The view forward from the Swift’s driver’s seat is of a pair of racy hooded dials seen through the rim of a flat-bottom steering wheel, and if your view out is impeded, it’s because you’re meant to sit low for that sporty feel (there’s height adjust on all these cars, of course). The dashboard is wide and raked back with an all-black theme, with only a few grey accents livening it up. The seats are wide (though a bit soft) and have generous side bolstering to hold you in place. Plastic quality is good, but at the same time there’s nothing in here that wows you.

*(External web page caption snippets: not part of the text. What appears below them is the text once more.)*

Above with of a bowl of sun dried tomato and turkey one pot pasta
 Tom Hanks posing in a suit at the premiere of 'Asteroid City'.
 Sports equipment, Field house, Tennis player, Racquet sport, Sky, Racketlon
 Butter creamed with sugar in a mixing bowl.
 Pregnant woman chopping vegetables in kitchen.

Swift cabin is the sportiest in design and is practical too.
The Figo, too, has an all-black interior, but in this range-topping Titanium Blu variant, there are
neat blue accents and touches of chrome to liven things up. The driving position here is sporty too, with a compact, chunky steering wheel, though the seat isn’t quite as supportive or accommodating as the Swift’s. I like how they’ve integrated a touchscreen into the dash with the facelift where there wasn’t one before, and that there’s a nice shelf for a mobile phone in the dashboard. But you can’t escape a number of scratchy plastics in the cabin, and the fact that this interior feels quite dated now. The instrument cluster, especially, looks a generation behind.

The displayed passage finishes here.